On m’a souvent conté et reconté ces années passées à revendiquer l’ouverture du mariage civil et de l’adoption. On m’a décrit ces interminables tables rondes au cours desquelles s’affrontaient des intervenants passionnés. J’ai vu briller les yeux de mes interlocuteurs en évoquant ce passé. J’ai souvent regretté d’être si jeune. De n’avoir pas connu la naissance de cette association. D’avoir raté l’inauguration de cette énorme maison de la rue Hors-Château. Une maison arc-en-ciel. Avec des murs, des fenêtres et bientôt des bureaux.

Le temps passe. Le mariage et l’adoption sont une réalité. L’orientation sexuelle est même un critère protégé par la loi anti-discrimination de 2007. Aujourd’hui, si je veux me marier, si je veux être candidat adoptant… j’en ai le droit. Alors, quand je dis que je travaille chez Arc-en-Ciel Wallonie, on me demande souvent: pourquoi? Que fais-tu là-bas? De quoi avez-vous (ou avons-nous) donc encore besoin?

Cette question m’interpelle et à chaque fois je dois serrer un peu les dents pour rester diplomate. Je réponds que non. Je peux me marier et je peux adopter. Donc je suis heureux. Nous sommes tous heureux. Car enfin l’orientation sexuelle n’est plus un problème pour personne. Enfin, la diversité ne fait plus peur. Enfin, si je suis une vieille femme, handicapée, juive, noire et lesbienne, je serai traité avec autant d’égards que ce jeune homme blanc, en pleine santé, catholique et hétérosexuel. Enfin, quand un élève lance un “tapette” ou un “sale pédé” dans une cours de récré, il est sanctionné. Enfin, la transidentité ne fait plus peur. Enfin, je peux dire que je suis séropositif sans qu’une lueur d’inquiétude ne trouble le regard des autres. Enfin, la différence ne fait plus peur.

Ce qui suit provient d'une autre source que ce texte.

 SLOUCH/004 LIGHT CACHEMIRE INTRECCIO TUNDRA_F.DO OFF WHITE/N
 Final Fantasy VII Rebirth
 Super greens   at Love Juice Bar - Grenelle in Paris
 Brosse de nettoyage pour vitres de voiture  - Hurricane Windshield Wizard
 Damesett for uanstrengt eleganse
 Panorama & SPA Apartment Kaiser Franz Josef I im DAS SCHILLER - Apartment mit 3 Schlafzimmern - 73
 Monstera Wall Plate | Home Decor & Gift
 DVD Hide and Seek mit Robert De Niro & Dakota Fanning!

Las. La prévalence du suicide chez les jeunes gays et lesbiennes est environ six fois plus élevée que chez les jeunes hétéros. L’Histoire et la littérature enseignées dans nos écoles sont presque complètement dépouillées de toute référence à l’homosexualité, ne permettant même pas aux jeunes de se penser comme gay, bi ou lesbienne. Les romans, films, musiques que les jeunes consomment célèbrent presqu’exclusivement les amours hétérosexuelles.

La déconstruction des stéréotypes de genre, la lutte contre la transphobie ou la sérophobie, l’égalité entre les couples hétéros et homos, l’égalité homme-femme… tous ces combats sont devant nous. Le champ d’action est gigantesque et nous ne sommes pas très nombreux à en avoir conscience. Nous avons besoin de toutes nos forces pour changer nos propres mentalités, celles de nos proches, de nos amis, nos familles,… Nous avons besoin de toutes et tous.

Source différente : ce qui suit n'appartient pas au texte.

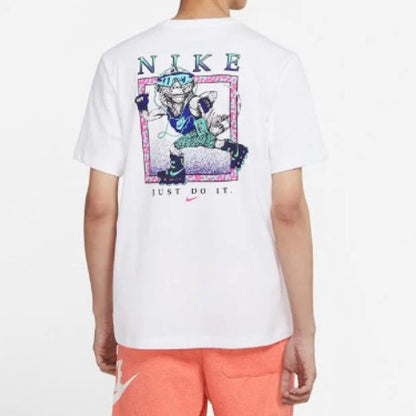 KING OF DRIBBLE Kaos Nike As M Nsw Tee Beach Rollerbladr DD1285-100 Original
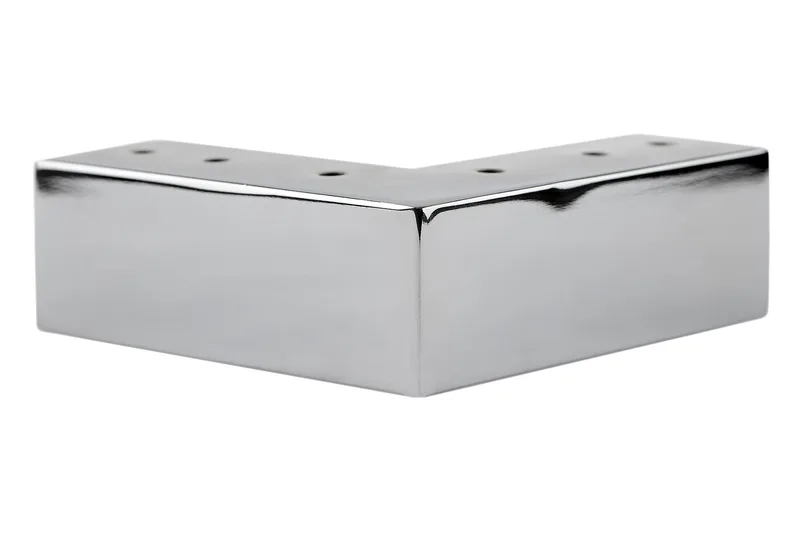 Ben Modell A 5,5 cm 8-Pack, Krom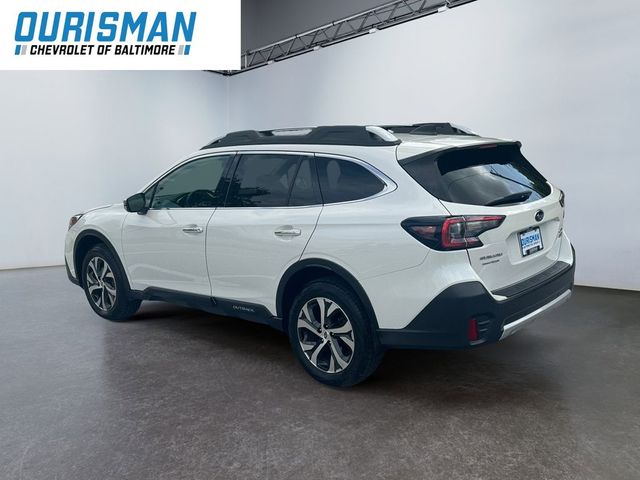 2020 Subaru Outback Touring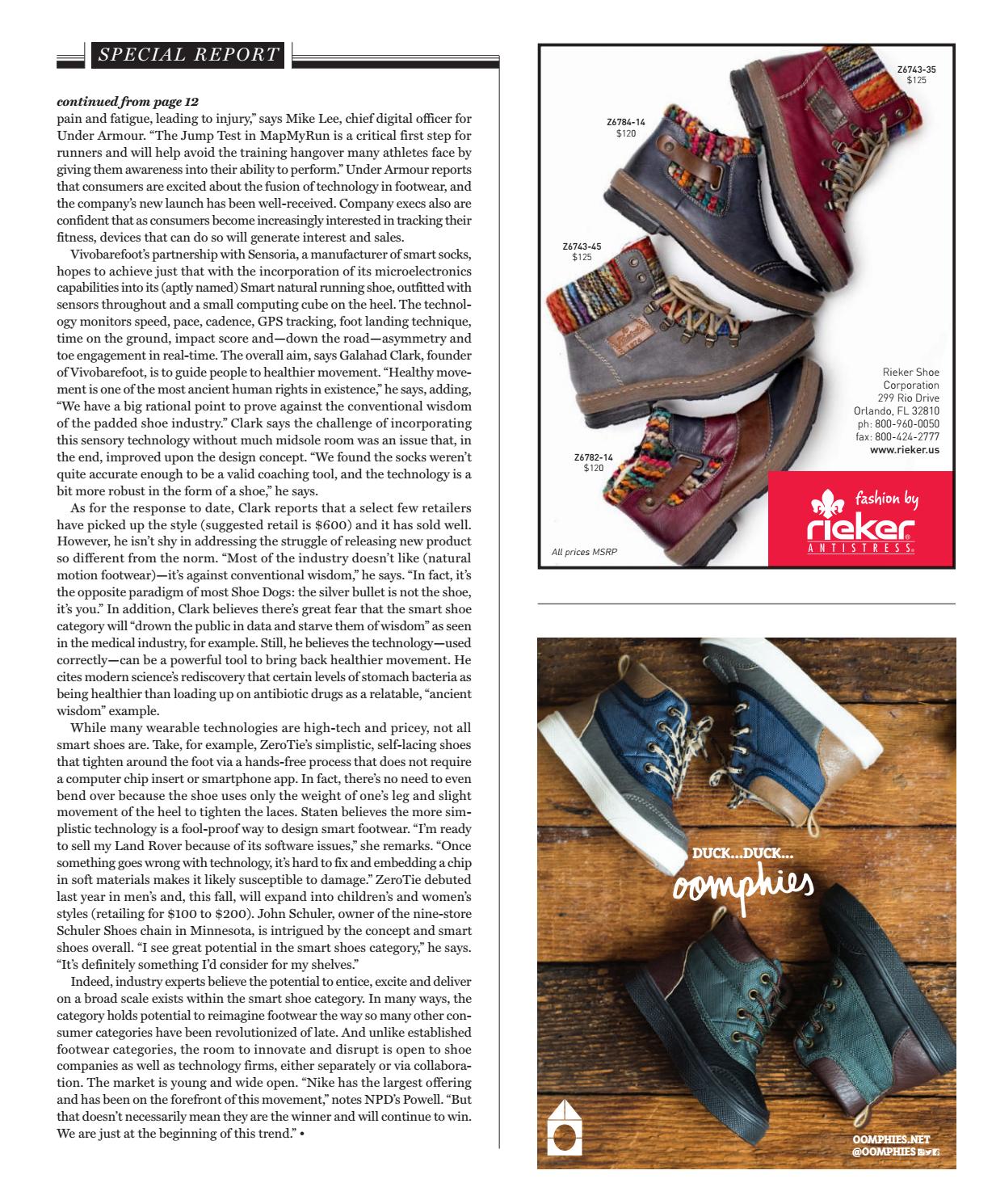Footwear Plus | March 2017 by 9Threads - Issuu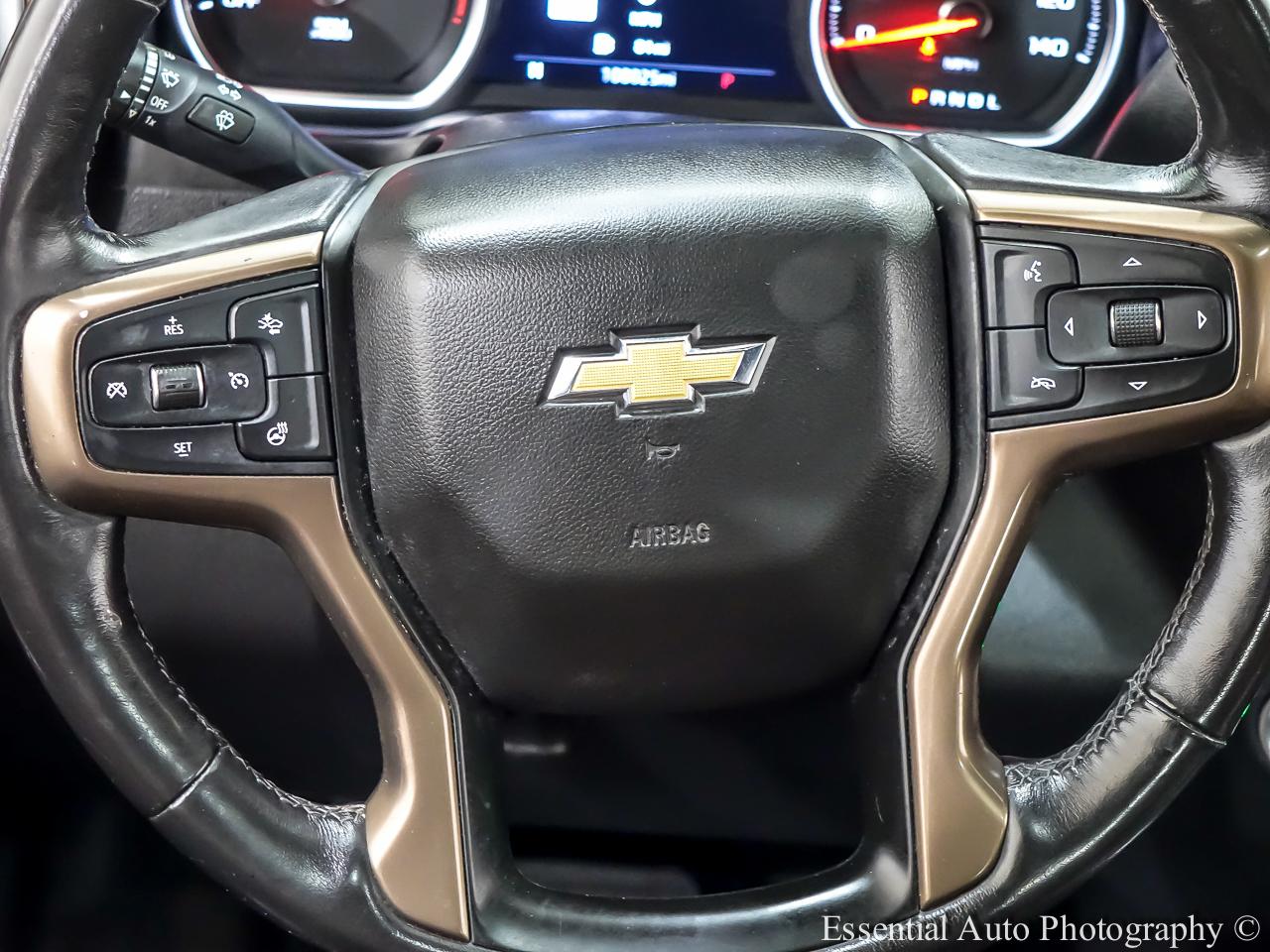 Chevrolet Silverado 1500 High Country Crew Cab Long Box 4WD 2020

L’arme dont nous disposons, c’est notre éducation. Notre meilleur outil, c’est nous-mêmes. C’est la connaissance et la compréhension du monde qui nous entoure. C’est la vision du monde qu’on aimerait voir s’épanouir dans la rue ou sur notre lieu de travail. C’est cette vision qui doit confondre les obscurantismes de tout poil et soigner notre myopie sociale.

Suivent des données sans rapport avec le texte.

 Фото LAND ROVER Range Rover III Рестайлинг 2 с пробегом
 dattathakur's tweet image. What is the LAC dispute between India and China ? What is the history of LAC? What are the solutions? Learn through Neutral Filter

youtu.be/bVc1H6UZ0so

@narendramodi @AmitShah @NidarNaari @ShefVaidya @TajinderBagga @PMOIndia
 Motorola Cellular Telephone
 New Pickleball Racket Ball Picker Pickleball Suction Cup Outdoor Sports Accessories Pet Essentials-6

C’est généralement ce que je réponds à ceux-là qui n’ont pas l’air de voir les dégâts de l’hétérosexisme et de l’homophobie.

Et j’ajoute souvent cette petite histoire d’un enfant, perdu au milieu d’un immense marécage, qui patauge tant bien que mal et puis qui trouve un appui, une portion de terre un peu plus solide sur laquelle il peut s’appuyer. Nous sommes tous un peu cet enfant. Et la culture, les films, les romans, les personnages historiques,… ce sont des lopins de terre sur lesquels on peut s’appuyer. Appuyer nos réflexions. Appuyer nos désirs. Notre identité. Nos ambitions. On ne peut se construire sans culture. On ne peut s’épanouir sans être nourri de culture.

Un jour, je ne serai plus si jeune. Un jour, je sentirai la fatigue. Et j’espère qu’un gosse de 20 ans m’écoutera raconter mes combats. Ceux que nous avons menés après les lois sur le mariage et l’adoption. Ces combats qui ont rendu le monde un peu plus vivable. Et qu’il apercevra mes yeux qui brilleront de la nostalgie de l’ancien combattant.